Don't know your Twitter from your Flickr? Then maybe next year you should head to San Francisco for the American Association of Advertising Agencies' Leadership Conference. Yeah, you read that right. The 4A's Leadership Conference, an event known as an excuse for agency bigs to get their drink on, play a little golf and splash around in the pool, this year dipped its toes into something more substantial: the 21st century.
This will go down as the year the 4A's, under new management, geeked out. In the span of a year, the annual gathering was transformed from a venue for PowerPoint-driven dog and pony shows from big-agency CEOs to a vastly more engaging gathering with a diverse list of speakers who addressed the change sweeping the marketing world. This year's event, held at a Ritz-Carlton hotel on a bluff overlooking the Pacific, had its shortcomings, the most glaring being the absence of marketers who ultimately control budgets. But for the most part, the conference finally felt like an accurate depiction of the marketplace rather than a museum piece -- an important development for an industry often accused of not keeping up with the times.
Credit goes to 4A's Chairman Tom Carroll, who for months had been working on a way to modernize an event that seemed to have bottomed out last year, and Nancy Hill, who recently became the first woman chosen as CEO of the organization. With different styles, the pair managed to instill a sense of purpose to an affair that was not merely flirting with irrelevance but rounding third base. Besides getting a wider variety of speakers and honing the content on important issues, they did what would have been unthinkable in past years: They stripped club and racket sports from the official agenda.
All eyes on Hill
Mr. Carroll, head of TBWA Worldwide and one of the few senior executives in advertising who visibly enjoys working in the business, kicked things off Tuesday with an impassioned, off-the-notes address that took aim at the industry's critics, i.e. the ad press, and poked fun at agencies' fear of digital, comparing it to the way the Bush administration depicts al-Qaida.

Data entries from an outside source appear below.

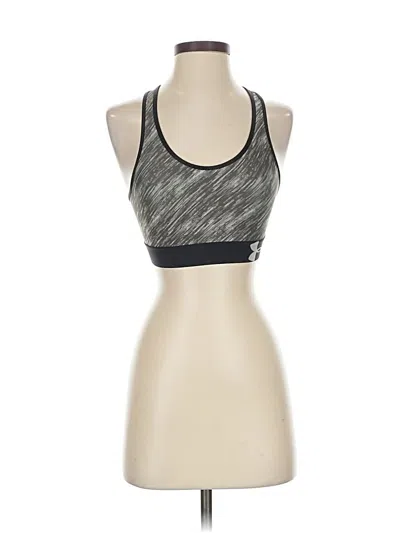 Pre-owned Under Armour Sports Bra In Gray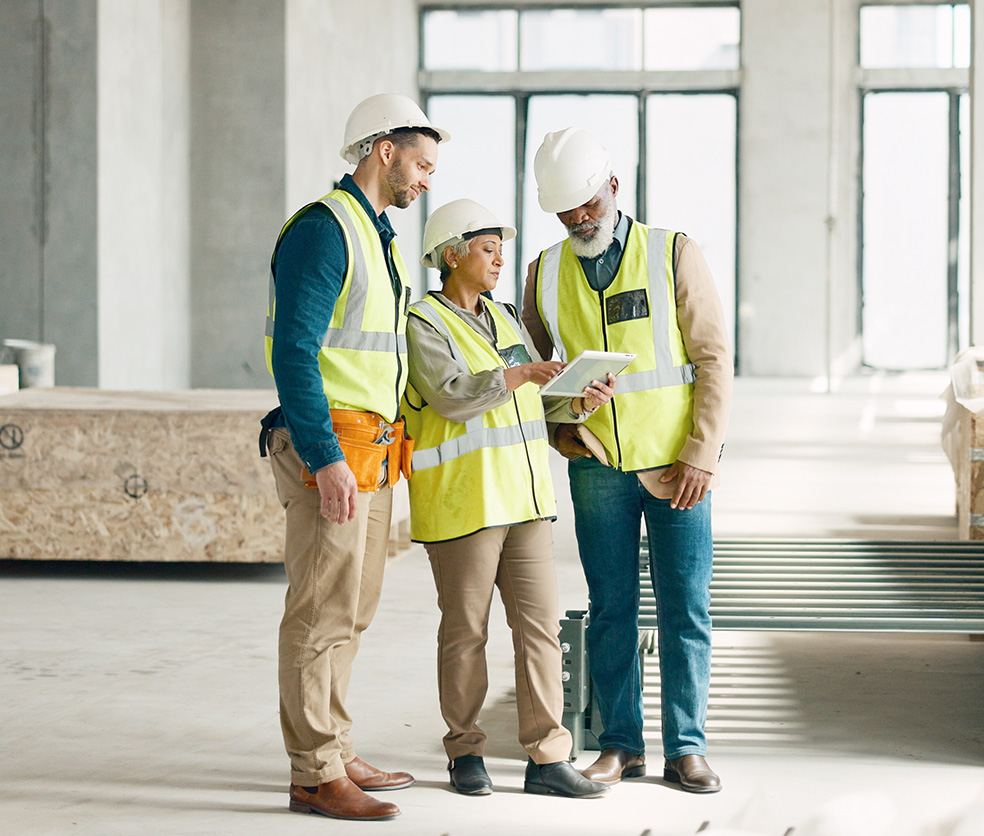 construction discussion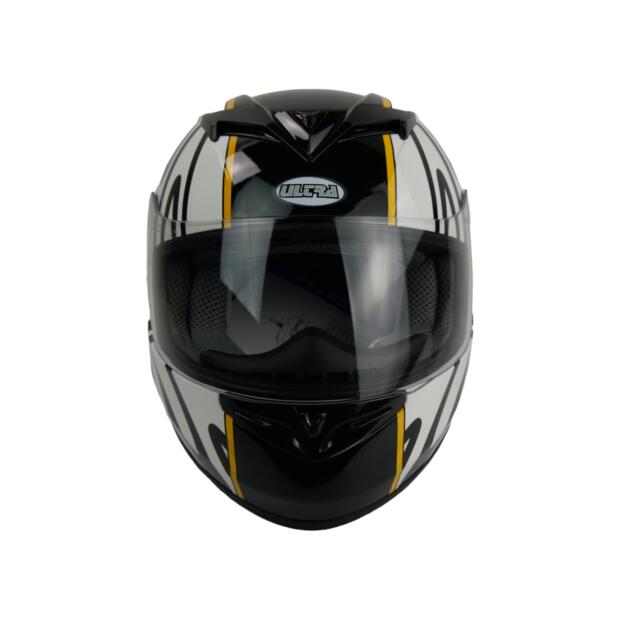 ULTRA RACER V121 Zebra Optik Gelb weiß Gr.(M)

All eyes were on Ms. Hill, still in her first months as president-CEO of the 4A's. The longtime agency hand succeeds O. Burtch Drake, who in his 14 years on the job took a lot of flak for encouraging a country-club feel to the organization and its events. Getting into the spirit of things, Ms. Hill referred to herself as a "geek" when introducing Google's Mr. Schmidt. She also continued to signal that improving the industry's record on diversity would be a priority during her tenure. On Wednesday, she announced a partnership with Howard University, a historically black college, to create a center to boost minority inclusion -- particularly of African-Americans -- in the industry's senior ranks. The 4A's is pledging $250,000 to launch the center, with another pledge to raise an additional $750,000 annually. The center will provide professional development and leadership training and also will produce research about diversity in the industry.

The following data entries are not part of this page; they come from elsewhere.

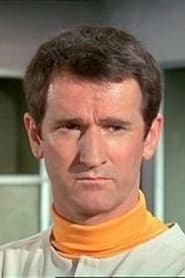 Keith Alexander as Sub-Lt. X-3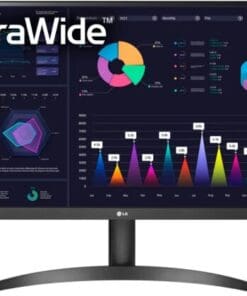 LG 34" Full HD 100Hz UltraWide Monitor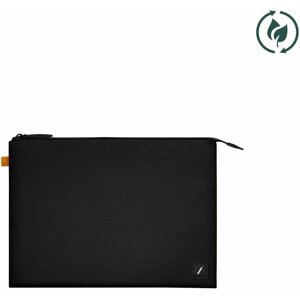 Laptop tok Native Union Stow Lite Sleeve Macbook 13" fekete tok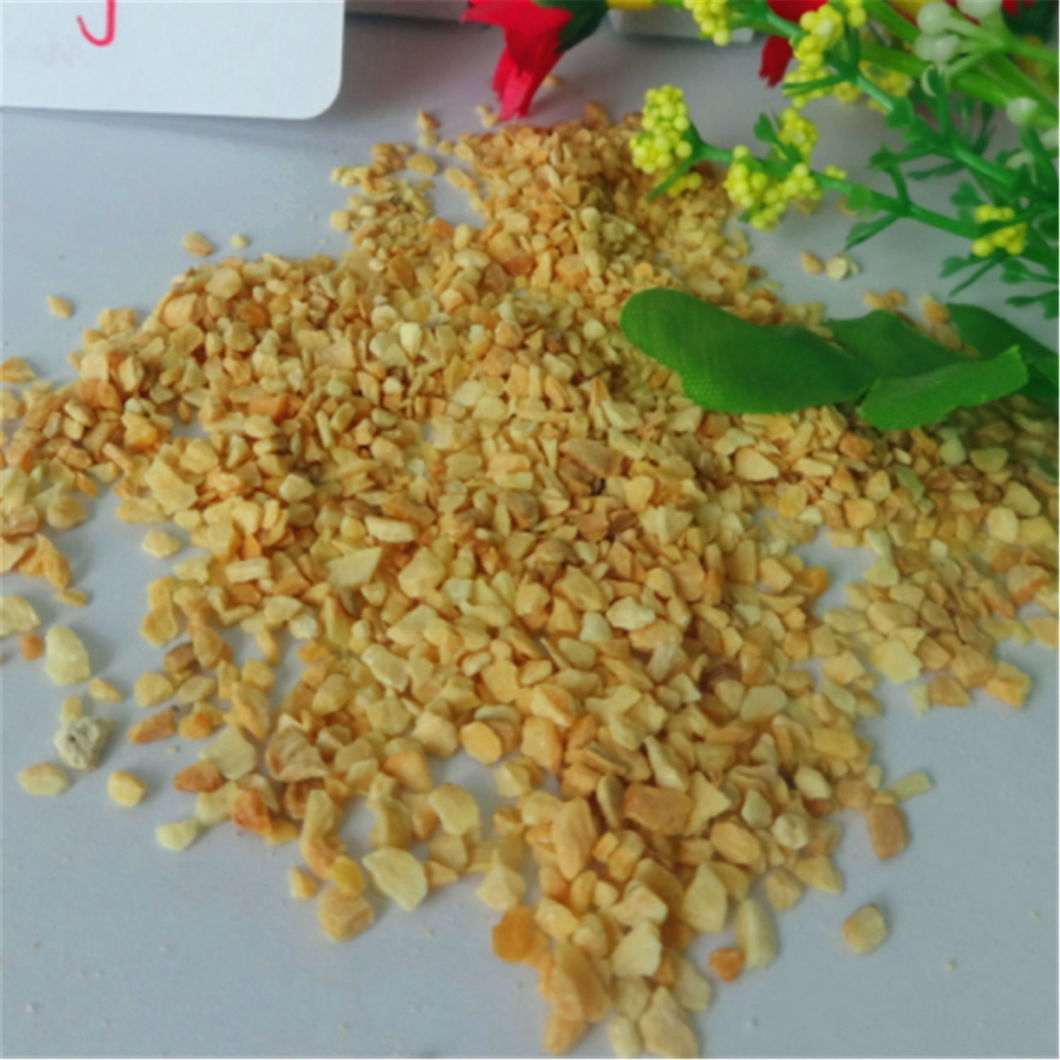 Lowest Price Dehydrated Garlic Granule, Grade a From Factory,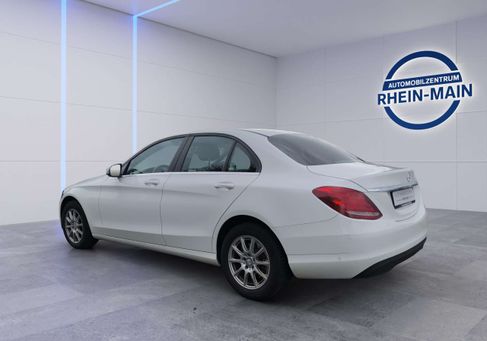 Mercedes-Benz C 180, 2017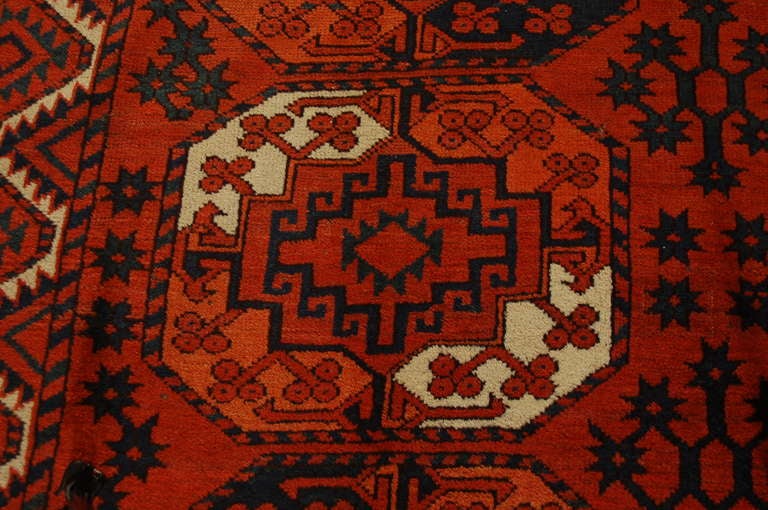 Early 20th Century Bashir Rug For Sale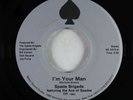 Modern Soul 45 - Spade Brigade - I'm Your Man - Select Sound VG+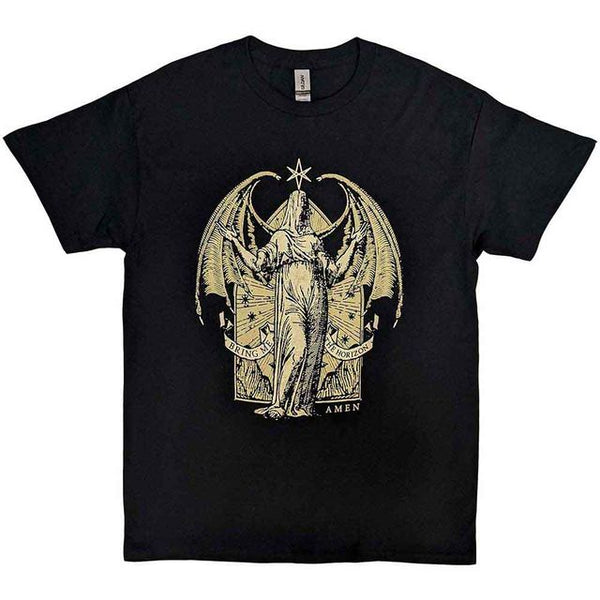 BRING ME THE HORIZON Angel Amen Band T-shirt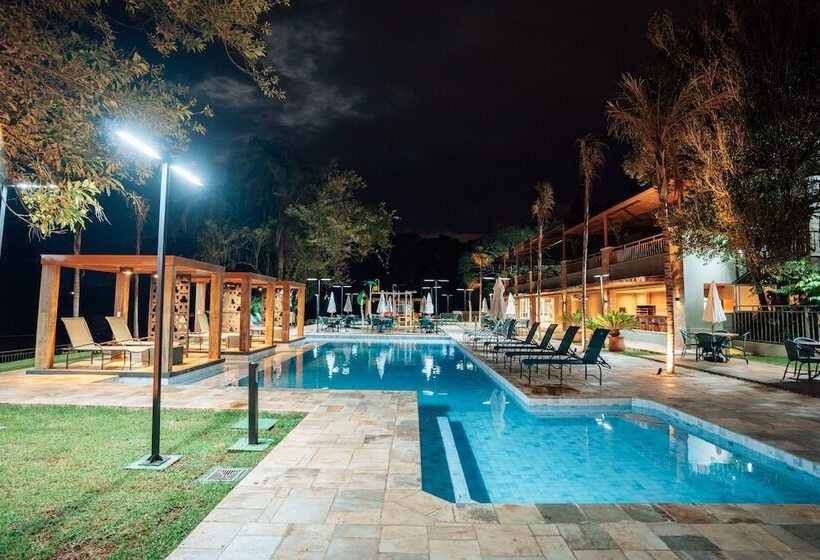 Hotel Pousada Do Bosque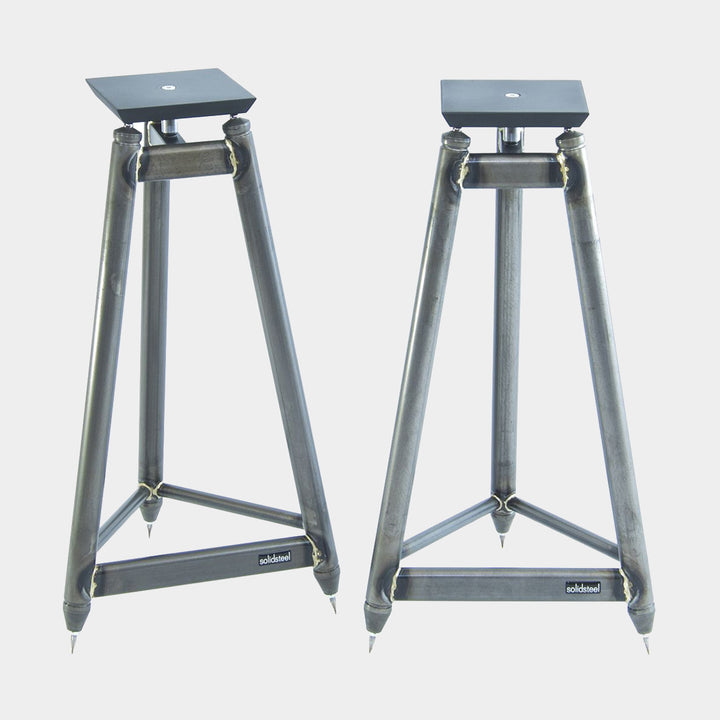 Solidsteel SS-6 Speaker Stands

But the biggest priority was clearly the digital education of the conference's 380 participants. Not only did the list of speakers include people from all the right companies -- Yahoo, Microsoft, Digitas, Tribal DDB, media-buying goliath Group M, Google -- but the organizers even set up some hands-on schooling. The morning of the first day was devoted to general sessions with big-name speakers, while the afternoon was reserved for breakouts focused on digital themes. In conferencespeak, the term "breakout" often translates to "beer me!" but these sessions were generally well-attended, despite the nearby presence of a pool, a beach, a spa and two bars. (An in-depth Ad Age investigation of these venues found them largely devoid of attendees.)

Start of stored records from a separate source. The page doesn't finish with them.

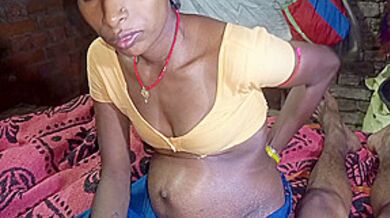 Masked Girlfriend Having Fun Reverse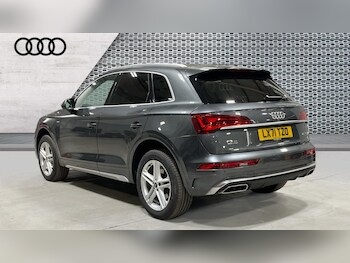 Used Audi Q5 2021 for sale - 76494054: Photo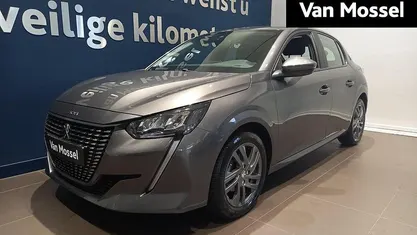 Gebruikt 2021 Peugeot 208 Active Hatchback | € 14.435 (Eerlijke prijs)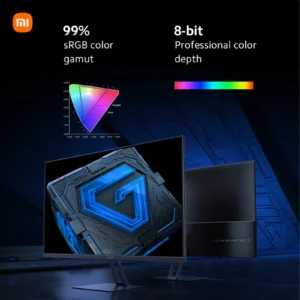 Xiaomi 27-inch Gaming Monitor – 165Hz, 1ms, FHD IPS, HDR10, FreeSync Premium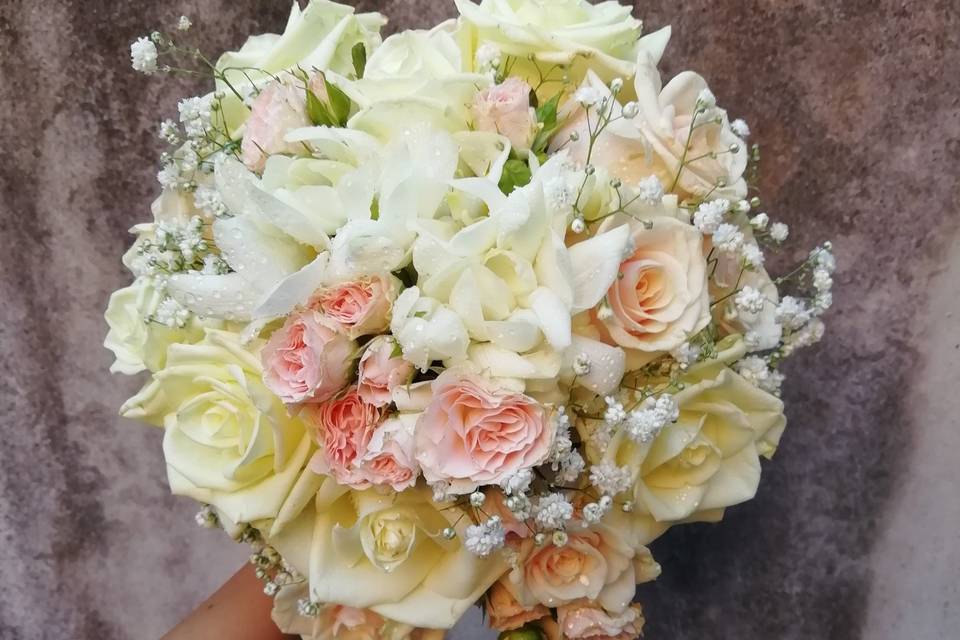 Bouquet sposa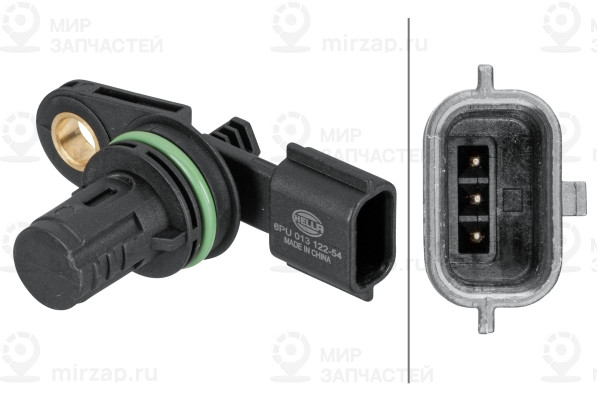 Датчик Положения Распредвала Renault HELLA 6PU013122541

All participants interviewed said it was a marked improvement over recent conferences. "I found it surprisingly engaging in ways that I didn't think I was going to," said first-timer Cary Hatch, president-CEO of Washington-based MDB Communications. "I figured it'd be leaning toward digital, and there would be great entertainment, food, what have you ... but the level of brain thrust for networking and the passion for the business that exists today as opposed to 10 or 15 years ago was palpable."
Joe Grimaldi, president-CEO of Interpublic Group of Cos.' agency Mullen, said this year's confab had a noticeably different vibe. "I'm not saying old is bad and new is good -- I'm saying different," he wrote in an e-mail. "Nancy and Tom are different people with different perspectives and some different thoughts. No dissing the past; rather, it's a reminder that change is good for every organization to get re-energized."
If there was one source of concern among some attendees, it was the organizers' announcement early in the week that future conferences wouldn't be held in boondoggly resorts in places such as Naples, Fla., or Scottsdale, Ariz., but instead would be destined for urban locales like next year's setting, the Westin Hotel in San Francisco. Mr. Carroll may have caught some heat for that stance, because as the conference went on, he softened a bit and suggested the organizers would alternate between cities and resorts -- a reminder that no matter how much the ad game changes, it's still very much a business of compromise.